The investments happened in stocks and quasi-equity structures (with built-in returns) of companies that owned land and half-done projects initiated by local developers which stepped in as JV (joint venture) partners. The Indian partner promised quick clearances, cheap labour and ready buyers. In many cases the story has taken a different turn, thanks to delays in approvals, cost escalation, softening property prices and choosy buyers, the cycle of projects has stretched well beyond the life cycle of funds.
A well-known builder in Bangalore — known for its decent construction and handing over keys to home buyers on time — is stuck with 170 acres of land it jointly owns with a PE (private equity) fund. Neither does the local realtor have the money to buy out the fund nor can it attract new financiers who are convinced about the bankability of a new project — be it commercial office space or residential towers. There are many others who find themselves in similar situations.
But as in all markets, there is always a price at which goods change hands. The quagmire for many developers and their sophisticated fund partners has emerged as a landscape of opportunities for other breeds of financiers. The new investors are snooping around for deals where land, under-constructed buildings and townships can be bought cheap from distressed buyers. Only a beaten down price can justify their entry and enable them to generate 20-22% return, else, after seven years they too would be left stuck like the sellers who are stranded now.
NEW BETS, NEW MONEYBAGS
There’s a spree of refinancing transactions. The funds are selling their stakes or a sizeable part of holdings to other PE funds — bargain-hunters with freshly raised money; in a few cases, domestic partners (if they have the wherewithal) are buying out the funds; and in many cases the partners are borrowing from large Indian non-banking finance companies, banks and finance firms backed by large Indian business groups to buy out the JV partners. Bank loans (given at 12 to 14%) are fewer and typically in low risk ventures where construction is over and some of the apartments (or office space) have been sold. Non-banking finance companies give credit by subscribing to non-convertible debentures issued by the borrower who has to fork out 15-19% interest — the price a local developer is paying to retain control over the venture and perhaps escape litigation. It’s also with the hope that the market would take off in a few years.

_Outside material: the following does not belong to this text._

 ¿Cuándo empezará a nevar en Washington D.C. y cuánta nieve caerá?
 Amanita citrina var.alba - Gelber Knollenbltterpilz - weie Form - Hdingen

The flurry of new launches and ads mask a different story: most launches are in mid, lower and affordable segments and not in premium projects that were once the flavour of the season and from where most developers and funds are trying to wriggle out. But a new fund buying into an old venture may find it impossible to convert a premium project into an affordable one.
PRICES TO STAY LOW
So, what will be the outcome of new moneybags stepping in to take new bets? First, even if new funds invest — as a few Chinese funds have announced they would — deals would be cut at discount; it’s a reason why real estate prices are unlikely to go up in a hurry. Prices may hold on in a few sought after destinations and pockets of large cities, but not everywhere. Also, the new law on real estate regulations would force developers to complete projects on time to avert penalty; this would add to the supply glut and keep prices low in the short-term.
Second, battling slow loan demand from corporates, local finance companies are going long on realty — lending to investors and developers, they believe, are buying cheap. If the market takes a long time to pick up — and property markets often take years to lose gas — another set of investors would be left with burnt fingers.